Mais au milieu de ce concert de colères et d’indignations à propos de Kidal, il y a eu un coup de pistolet : la convocation à la justice du désormais général Amadou Haya Sanogo et son refus de se présenter devant le juge d’instruction. Une affaire qui est devenue un serpent de mer, et qui en est même arrivée à empoisonner la presse. Et cette affaire risque de précipiter le président Keïta dans un guêpier, ce qui portera un coup d’épée à sa réputation d’homme à poigne, incorruptible et intraitable. Plus Sanogo s’entête dans son refus de se présenter devant le juge d’instruction, plus les gazettes nous servent des articles, souvent soporifiques sur une affaire qui, pour reprendre Ahmadou Kourouma dans Allah n’est pas obligé… « ne vaut même pas le pet d’une grand-mère », tant il est parfaitement évident qu’elle a donné la preuve que, contrairement à ce que raconte IBK dans ses discours, au Mali il y a bel et bien une personne qui est au-dessus de la loi : son nom est Sanogo. Cela est désormais clair pour tout le monde. Alors, si les confrères ne veulent pas renoncer à tarir leur encre et leur salive pour cette affaire énervante, qu’ils nous laissent de grâce à nos ananas ! Parce qu’il y a d’autres choses plus importantes à dire.

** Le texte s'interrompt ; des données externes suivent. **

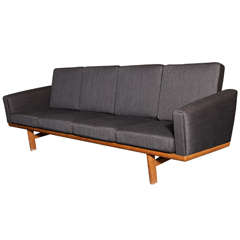GE-234/4 Oak 4-Seater Sofa by Hans Wegner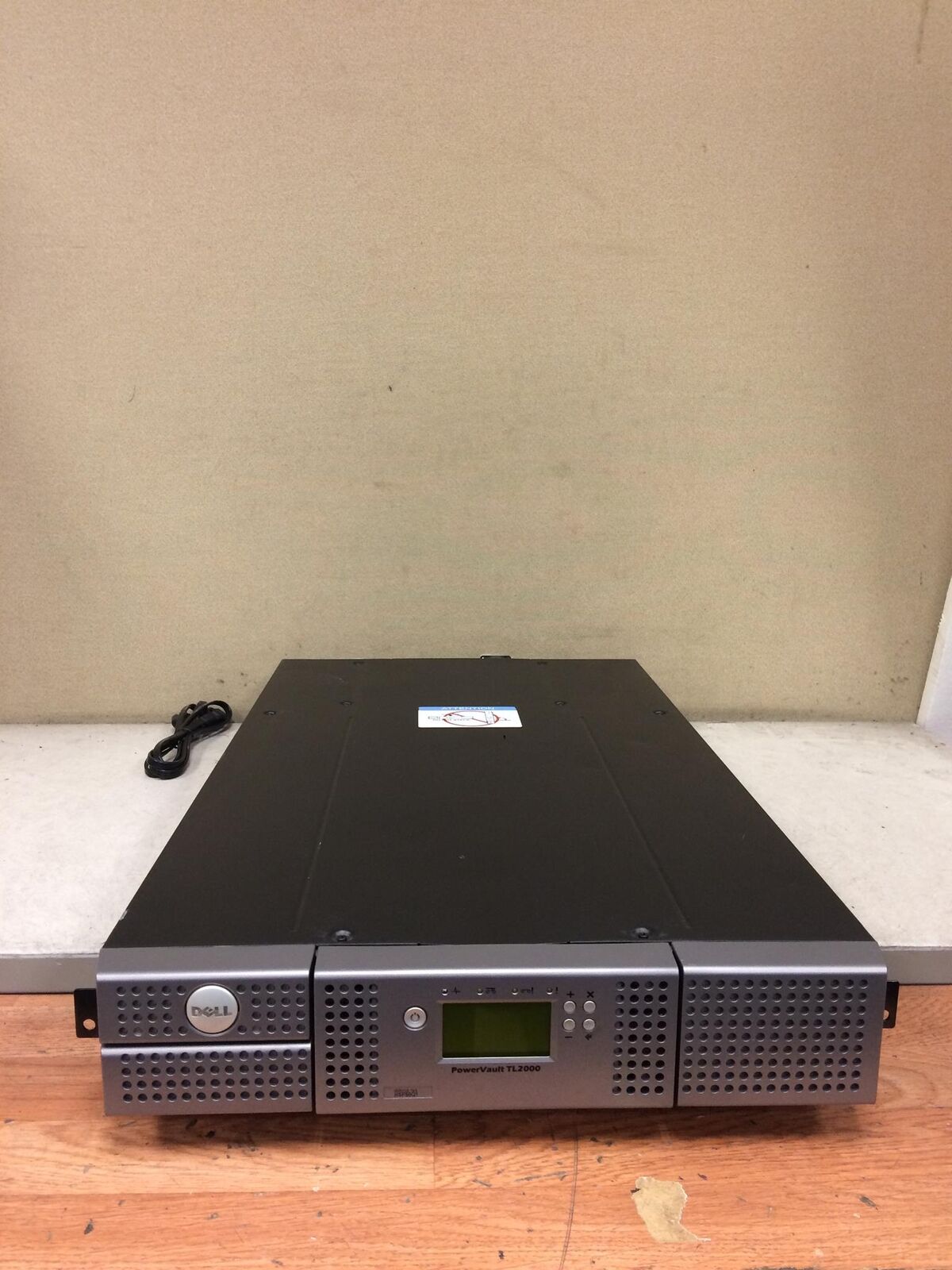 Dell Powervault TL2000 Tape Drive w/ 2 IBM LTO Ultrium 5-H Tape drives Working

Parfois, je ne peux m’empêcher de demander si Sanogo n’a pas été jeté en pâture à une opinion nationale révoltée par la situation à Kidal. Ou bien s’il n’est pas, comme me l’a écrit de Paris hier une amie chroniqueuse, l’arbre qui cache la forêt.
« Ça veut dire qu’on s’occupe d’une chose alors qu’il y a une multitude d’autres problèmes, m’a-t-elle écrit. Sanogo est un arbre gênant, mais la forêt de choses graves que sont Kidal, la potentielle partition du pays, la non-reprise des négociations de Ouaga, l’impunité, la levée des mandats d’arrêt, le fait que les bandits se présentent aux élections, etc., etc. »
Et voilà ce qui doit être dit, et redit à un peuple qui continue de s’en remettre à Dieu et au pouvoir en place. Ce qui doit être dit, c’est que les Maliens ne doivent pas perdre de vue l’essentiel. Et l’essentiel, c’est Kidal, surtout quand on sait que les groupes rebelles touaregs dont c’est le fief, y ont empêché la tenue des législatives. Preuve que le chemin à faire est long, très long et que rien n’est encore joué. C’est ce qui doit être dit.